La Cour de cassation rappelle que la contribution d’un parent à l’entretien et à l’éducation de son enfant ne cesse pas de facto à la majorité de celui-ci et que le versement de la contribution entre les mains de l’enfant majeur est une simple modalité de paiement qui ne modifie pas le créancier de cette obligation.
Cass. 1re civ., 12 juin 2024, no 22-15679, Mme N. c/ M. X., F-D (cassation CA Montpellier, 9 sept. 2021)
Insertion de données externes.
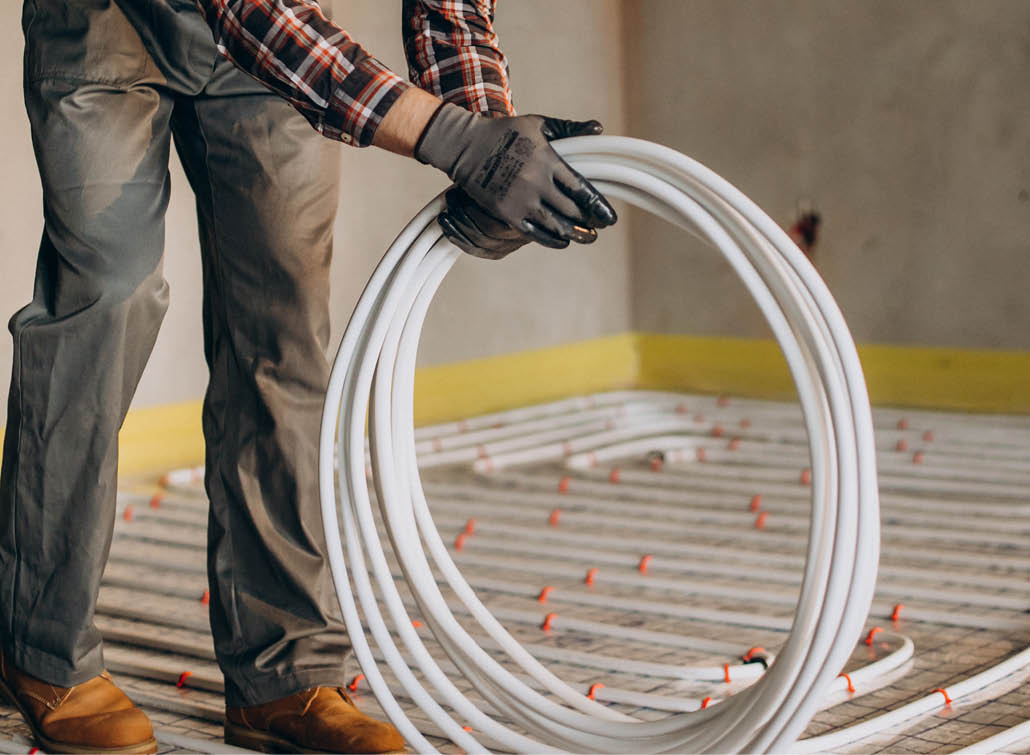 Service man instelling house heating system under the floor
Cass. 1re civ., 3 juill. 2024, no 22-17808, M. M. c/ Mme X., F-D (cassation CA Montpellier, 25 mars 2022)
1. Dans la première espèce (Cass. 1re civ., 12 juin 2024, n° 22-15.679), la Cour de cassation rappelle que la contribution d’un parent à l’entretien et à l’éducation de son enfant ne cesse pas de facto à la majorité de celui-ci.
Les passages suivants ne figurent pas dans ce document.